- Task statement -
Print out the data exactly, keeping every image out of it.

- Provided material -
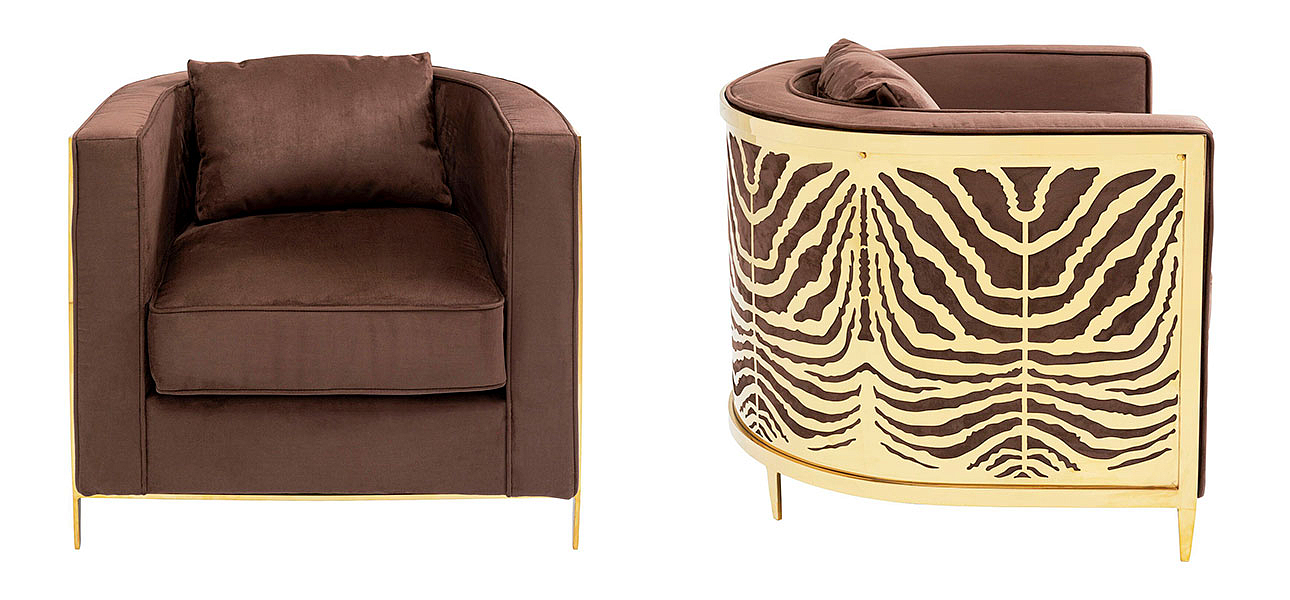 Дизайнерское кресло Velvet Ice Breaker Armchair Дизайнерское кресло Velvet Ice Breaker Armchair - Loft-Concept во Владивостоке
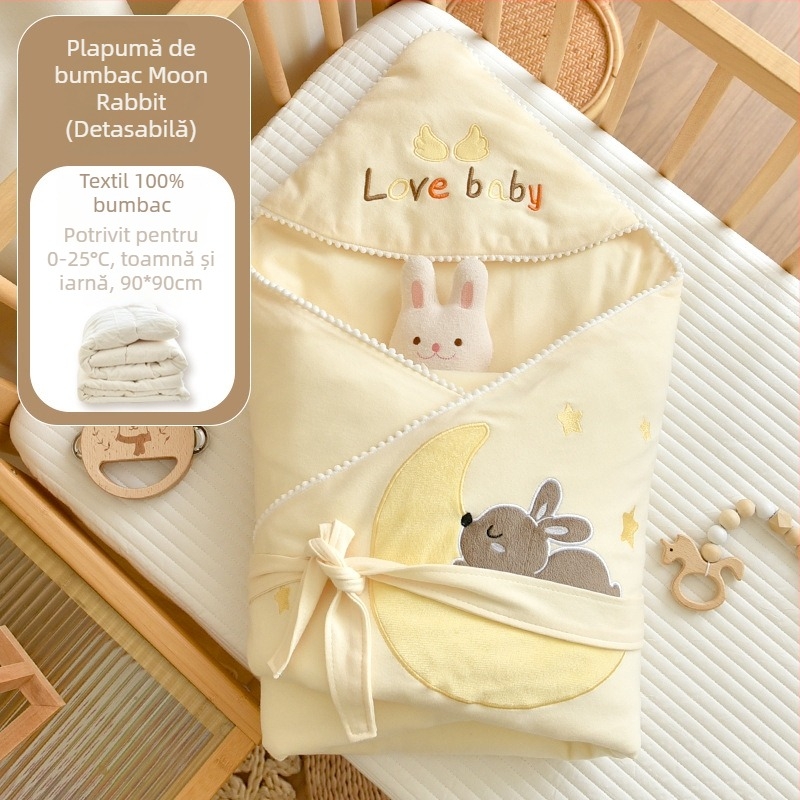 Cuvertură pentru nou-născuți din bumbac 100%, umplutură din bumbac, țesătură din bumbac, 0,55–1,0 kg, iarnă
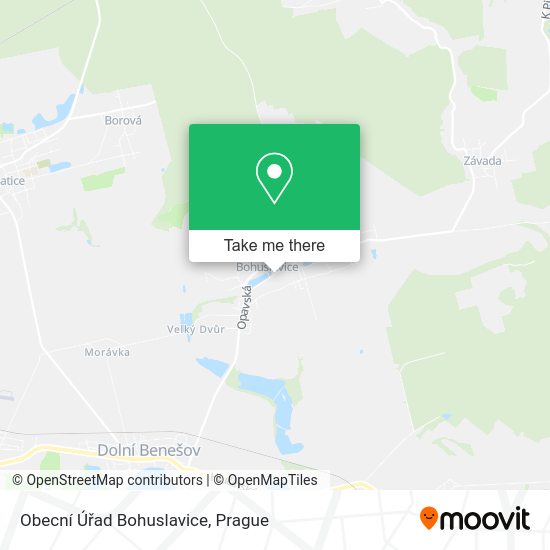 Obecní Úřad Bohuslavice map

- Answer to the exercise -
 Дизайнерское кресло Velvet Ice Breaker Armchair Дизайнерское кресло Velvet Ice Breaker Armchair - Loft-Concept во Владивостоке
 Cuvertură pentru nou-născuți din bumbac 100%, umplutură din bumbac, țesătură din bumbac, 0,55–1,0 kg, iarnă
 Obecní Úřad Bohuslavice map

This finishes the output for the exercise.